7. All truth is God’s truth. If it works and your conscience is clear, the beliefs and practices you hold are between you and God. We recognize that certain expressions of genuine faith will limit who can fellowship with us, and take no offense at what God prospers outside His work in our lives. We have more than enough to occupy ourselves with what He has for us. Taking yourself too seriously is a moral failure.
Ultimate truth is moral in nature, not a matter of cerebral facts. Truth is an aspect of God’s Person and does not exist outside of Him. There is no objective body of truth somewhere out there that we can somehow reach by our reason. If there were no God, there could be no truth. There would be only human perception of a limited individual experience. We can at best simply agree to be self-deceived together and share our lies. Unless we are linked by heart and spirit to God’s Spirit, there can be no appeal to any outside source. Nothing we think we know makes any difference, because we cannot understand what is morally important. He is the Creator and His moral character pervades all Creation; reality itself is whatever God says it is. Reality is subject to God’s whims and no one has standing to question Him.
Human reason is deeply deceptive and self-deceived; it becomes a false god, an idol by which we disguise self-worship. Reason is incapable of objectivity, even as it asserts that it alone is objective.

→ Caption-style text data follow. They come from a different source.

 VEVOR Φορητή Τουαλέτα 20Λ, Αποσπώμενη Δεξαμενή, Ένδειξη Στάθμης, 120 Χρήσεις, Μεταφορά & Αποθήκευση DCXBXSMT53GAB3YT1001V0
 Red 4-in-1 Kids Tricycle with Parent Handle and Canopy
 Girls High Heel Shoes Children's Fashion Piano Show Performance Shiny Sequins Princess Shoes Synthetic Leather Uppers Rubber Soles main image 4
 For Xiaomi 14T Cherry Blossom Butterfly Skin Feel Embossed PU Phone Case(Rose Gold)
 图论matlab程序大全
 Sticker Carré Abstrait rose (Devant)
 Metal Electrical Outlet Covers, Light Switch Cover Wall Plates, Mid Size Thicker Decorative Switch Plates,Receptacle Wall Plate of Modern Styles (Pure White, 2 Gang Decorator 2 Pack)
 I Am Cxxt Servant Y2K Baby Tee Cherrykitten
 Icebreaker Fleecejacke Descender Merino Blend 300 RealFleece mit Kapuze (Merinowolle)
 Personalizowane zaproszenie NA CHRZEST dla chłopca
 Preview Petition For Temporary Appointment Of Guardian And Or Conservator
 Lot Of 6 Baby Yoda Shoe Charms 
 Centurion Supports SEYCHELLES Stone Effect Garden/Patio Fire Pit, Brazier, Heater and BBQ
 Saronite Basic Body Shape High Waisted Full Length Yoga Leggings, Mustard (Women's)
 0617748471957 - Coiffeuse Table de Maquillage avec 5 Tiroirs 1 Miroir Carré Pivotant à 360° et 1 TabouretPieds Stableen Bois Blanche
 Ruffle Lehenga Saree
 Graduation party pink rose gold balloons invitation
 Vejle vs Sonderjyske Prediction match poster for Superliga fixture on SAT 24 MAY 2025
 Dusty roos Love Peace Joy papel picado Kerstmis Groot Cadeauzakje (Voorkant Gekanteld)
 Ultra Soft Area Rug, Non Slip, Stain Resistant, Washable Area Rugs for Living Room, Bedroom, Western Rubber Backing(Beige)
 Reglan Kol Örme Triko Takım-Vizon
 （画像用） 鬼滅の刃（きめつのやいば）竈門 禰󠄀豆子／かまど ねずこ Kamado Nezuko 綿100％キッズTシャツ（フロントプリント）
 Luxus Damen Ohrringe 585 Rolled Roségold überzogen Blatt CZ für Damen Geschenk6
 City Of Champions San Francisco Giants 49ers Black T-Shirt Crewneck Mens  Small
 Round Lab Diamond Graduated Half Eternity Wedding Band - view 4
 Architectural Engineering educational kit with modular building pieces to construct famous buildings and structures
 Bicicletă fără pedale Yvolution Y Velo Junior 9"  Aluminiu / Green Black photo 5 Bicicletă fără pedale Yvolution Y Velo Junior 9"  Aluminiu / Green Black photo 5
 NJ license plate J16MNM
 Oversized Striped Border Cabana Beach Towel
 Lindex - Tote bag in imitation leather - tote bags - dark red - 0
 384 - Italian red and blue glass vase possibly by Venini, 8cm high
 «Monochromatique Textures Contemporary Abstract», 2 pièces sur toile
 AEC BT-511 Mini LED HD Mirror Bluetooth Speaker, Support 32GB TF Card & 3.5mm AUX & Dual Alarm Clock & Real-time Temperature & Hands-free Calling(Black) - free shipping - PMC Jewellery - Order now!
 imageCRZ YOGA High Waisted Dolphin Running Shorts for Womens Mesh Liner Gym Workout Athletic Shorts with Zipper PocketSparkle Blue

We always manage to rationalize our lustful desires and never seem to notice that our appeals to reason always serve to satisfy some fleshly obsession or desire, until we restore the heart to its rightful place on the throne of the will. The heart alone is capable of discerning the truth.
It is through the heart that we realize no two of us can possibly have the same experiences and perceptions, and no two of us can know God in exactly the same way. No two of us can possibly have the same religion, and no one of us is so wise and holy as to rightly decide what religion must be for others. Any unity among believers must of necessity be pragmatic, a matter of whether we can bear with each other’s weaknesses as we bear our own. Our communion and fellowship must be a living thing, not static, because life and reality itself is not static. And God is a real Person who changes His mind; the Bible flatly asserts as much. Our own perception of things must also grow and change. So our fellowship and worship together must build on the assumption that we must change and the only valid question is whether we can still work together without violating our own sense of calling. It’s never a question of who is right and who is wrong; God has never delegated that task to anyone but His Son. There is no place in God’s revelation for binary thinking and linear logic.
The essence of God’s Law on the earth is to glorify Him by living in His heavenly peace while residing in the presence of human tension.